(Exercise) Using the material below, print a verbatim copy of every line from the one containing "Telefon - Retro" through the one containing "Greg Norman Shark", inclusive, and omit the pictures.

(Source information)
[Start of Attachment]
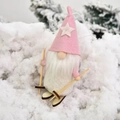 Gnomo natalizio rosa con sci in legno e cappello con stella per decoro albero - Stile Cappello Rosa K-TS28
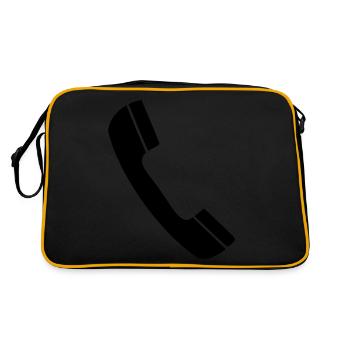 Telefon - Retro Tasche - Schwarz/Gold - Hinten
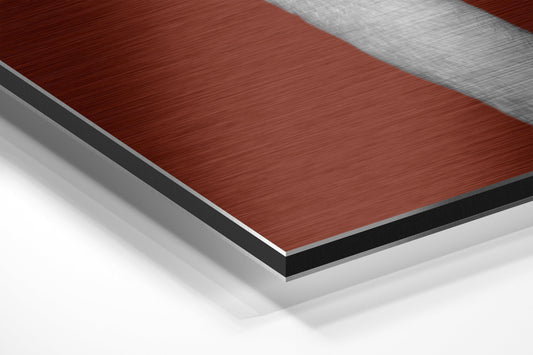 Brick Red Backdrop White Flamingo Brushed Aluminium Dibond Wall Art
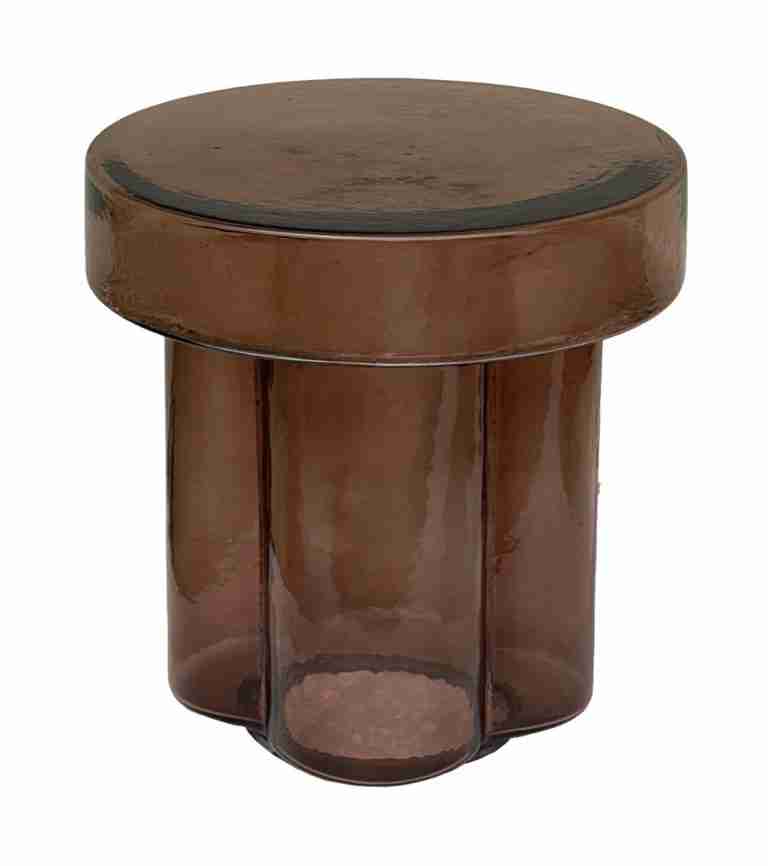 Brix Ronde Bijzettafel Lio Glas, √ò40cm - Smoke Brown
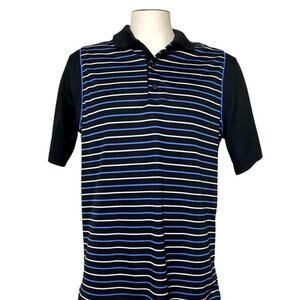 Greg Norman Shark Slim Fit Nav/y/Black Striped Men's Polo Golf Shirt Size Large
[End of Attachment]
[Start of Attachment]
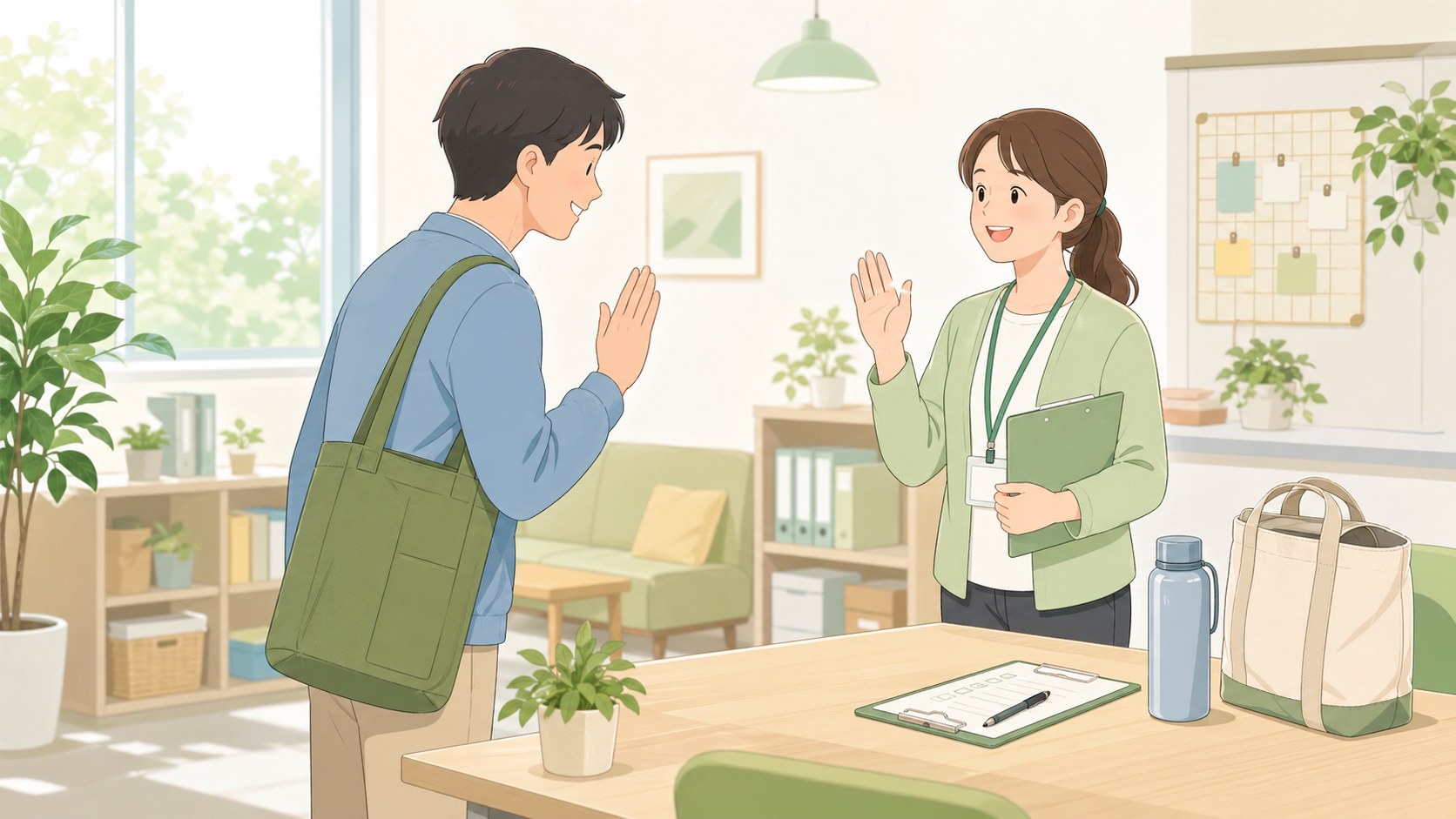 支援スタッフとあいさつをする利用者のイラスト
[End of Attachment]
[Start of Attachment]
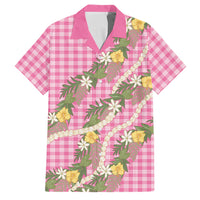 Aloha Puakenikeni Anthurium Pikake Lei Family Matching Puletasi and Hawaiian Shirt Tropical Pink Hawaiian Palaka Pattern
[End of Attachment]
(Your response)
 Telefon - Retro Tasche - Schwarz/Gold - Hinten
 Brick Red Backdrop White Flamingo Brushed Aluminium Dibond Wall Art
 Brix Ronde Bijzettafel Lio Glas, √ò40cm - Smoke Brown
 Greg Norman Shark Slim Fit Nav/y/Black Striped Men's Polo Golf Shirt Size Large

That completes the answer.